A movie still from the motion picture A Man Called Otto featuring Tom Hanks

Grumpy Otto (Tom Hanks) reluctantly reading his neighbours' kids a story in A Man Called Otto. Photo: Sony Pictures

A young family moves in across the road from Otto’s house and add to his annoyances by being friendly, chatty and needy – Otto is an engineer by profession and a problem solver by inclination and thus finds himself drawn into the lives of this talkative Latina woman (Mariana Treviño), her practically incapable IT expert husband (Manuel Garcia-Rulfo) and their two (soon-to-be three) children.

At the same time, a neighbourhood stray cat is inveigling his way into Otto’s life and a local real estate developer (Mike Birbiglia) is attempting to buy out the local residents so that new condominiums can be erected on the site.

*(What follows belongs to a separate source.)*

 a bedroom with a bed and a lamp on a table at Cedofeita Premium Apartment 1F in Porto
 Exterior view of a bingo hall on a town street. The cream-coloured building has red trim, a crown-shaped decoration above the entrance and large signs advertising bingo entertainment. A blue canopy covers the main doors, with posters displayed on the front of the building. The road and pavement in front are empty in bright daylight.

A movie still from the motion picture A Man Called Otto featuring Tom Hanks and a cat.

Tom Hanks and a cat in the film A Man Called Otto. The cat is named "Cat". Photo: Sony Pictures

And, thus it will come to pass that in snowy Pennsylvania, Otto’s icy heart will probably melt. After each failure at self-harm, a flashback informs of us of the reasons for Otto’s depression: the loss of the great love of his life and the gradual loss of the community that he gave so much to.

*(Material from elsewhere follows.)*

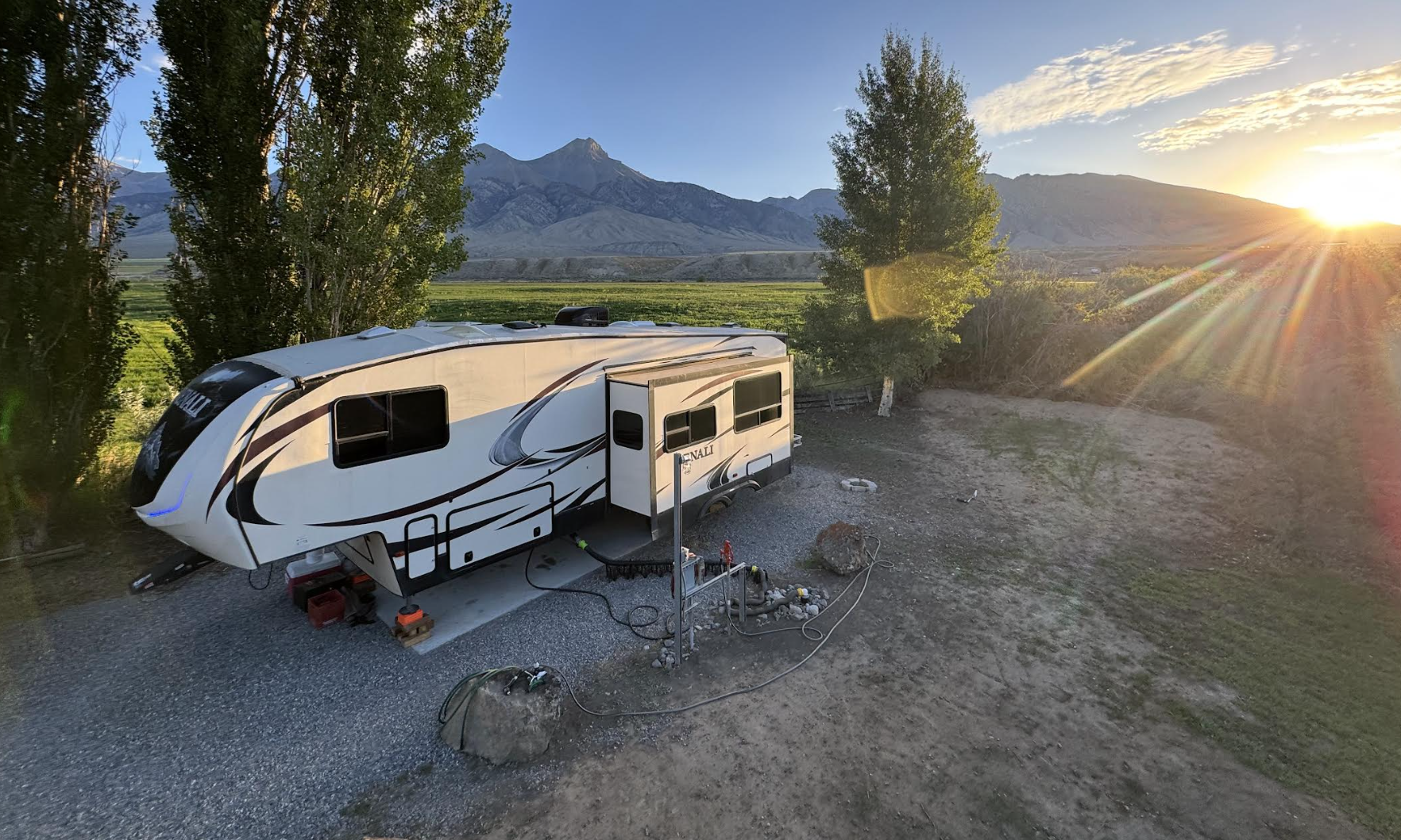 RV pad with full hookups and a sunset view over the mountains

For a long period, I had thought that Hanks had been miscast. Not because it was too obvious that “the nicest man in Hollywood” couldn’t remain a grouch for the whole film – although that is true – but because I didn’t think the journey was going to be long enough, dramatically speaking. I could imagine Clint Eastwood playing Otto (twenty or so years ago) and having some real menace behind his terrible initial behaviour, giving the inevitable eventual redemption some meat to go with the potatoes.

Even when Hanks’ Otto is being appalling, there’s enough of a glint behind the eyes that the audience knows what’s coming.

That’s when I realised that it isn’t just the audience that can see what’s behind the curmudgeonly façade – the neighbours can, too. They loved him when his wife was still alive (although they mostly loved her) and they forgive him now she has gone.

That’s the great journey of the picture. Not Otto’s transition from grinch to do-gooder, but his realisation that he is loved – can still be loved – and his choice to live up to that love.

It’s a satisfying movie, largely because there’s an A-Team of people behind it despite the modest ambitions. Marc Forster (The Kite Runner, Quantum of Solace) directs, reuniting with his screenwriter from Finding Neverland, David Magee. And Thomas Newman’s score reminds you of nothing quite so much as another meditation on suburban relationships, American Beauty for which he was Oscar nominated.

A Man Called Otto is rated M for offensive language & suicide themes and is screening in theatres across New Zealand.